Sunken logs a delicacy for ocean bottom-feeders

by Timothy Oleson
Friday, August 8, 2014

Craig McClain examines a piece of wood retrieved after five years on the bottom of Monterey Canyon at a depth of 3,200 meters. The holes in the wood were made by boring clams. Credit: ©2013 MBARI.

Wood isn’t often on the menu for deep sea-dwelling critters, but for some species, there’s nothing like a tasty tree stump for dinner. Five years after leaving bundles of Acacia wood 3,200 meters deep at the bottom of Monterey Canyon off the central California coast, biologists retrieved the bundles with a remotely operated vehicle and found that some hosted diverse colonies of organisms.

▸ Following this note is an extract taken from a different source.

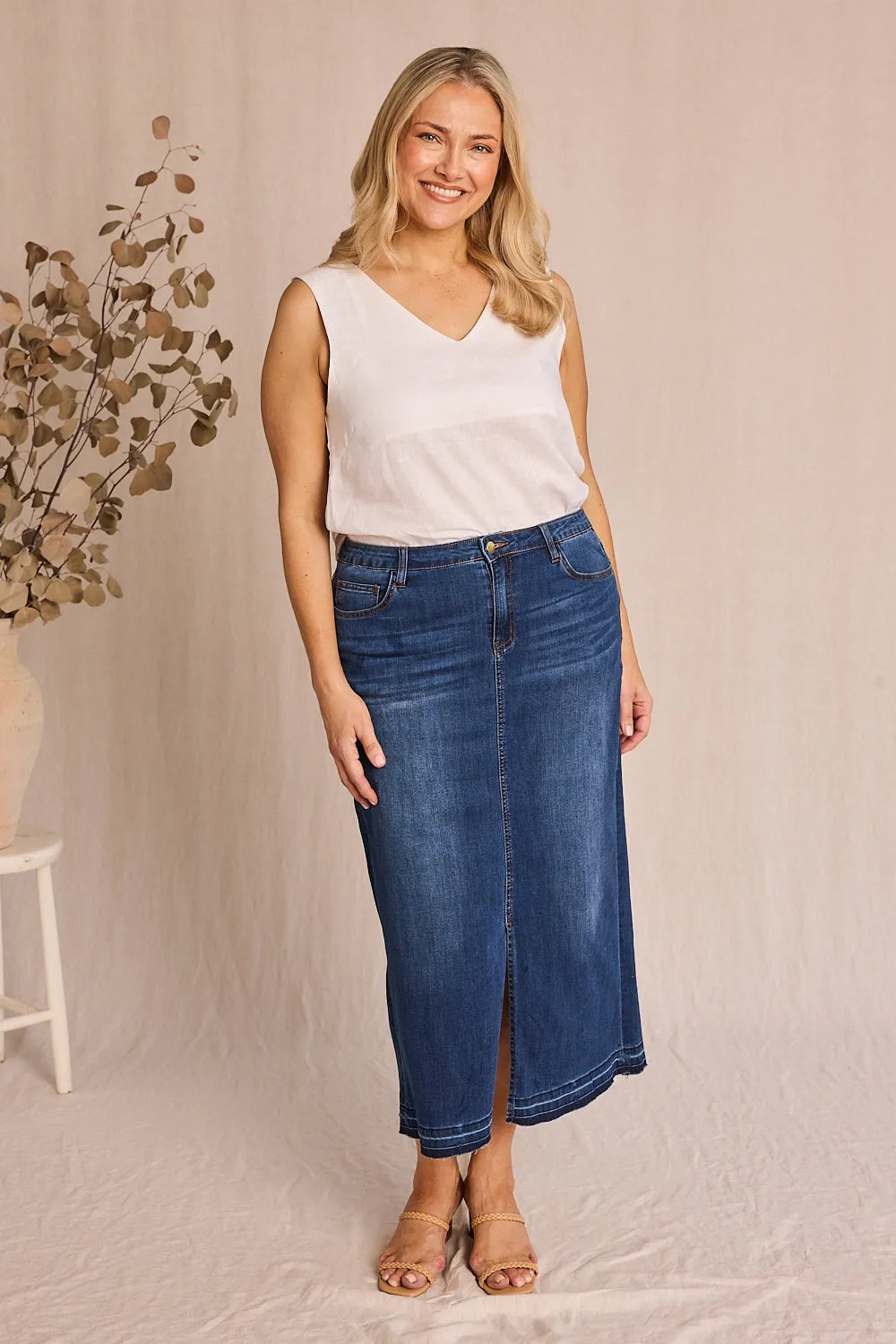 Adrift Denim Long Split Skirt in Mid Wash Adrift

The early birds to the wooden feasts were a species of clam (Xylophaga zierenbergi), which, like termites, are capable of boring through and digesting cellulose, reported Craig McClain of the National Evolutionary Synthesis Center in Durham, N.C., and James Barry of the Monterey Bay Aquarium Research Institute in Moss Landing, Calif., in a study published in Biology Letters. The holes created by the boring clams, as well as the clams' feces and the clams themselves, offered shelter and food that appeared to attract a variety of other animals such as deep-sea snails and shrimp-like crustaceans called tanaids. McClain and Barry found that the duration over which a given portion of wood had been inhabited by the clams (judged by the prevalence of holes), along with the size of the logs, affected the diversity and types of animals present.

Strangely, however, despite the bundles being located close together, some remained totally uncolonized or had been only lightly colonized, suggesting “that the recruitment of larval clams into the wood fall was a nearly random process, even for logs that were just a few meters from one another,” McClain said in a press release about the research. Thus, he and Barry wrote, natural variability seems to play a part in the communities that form on deep-sea wood falls.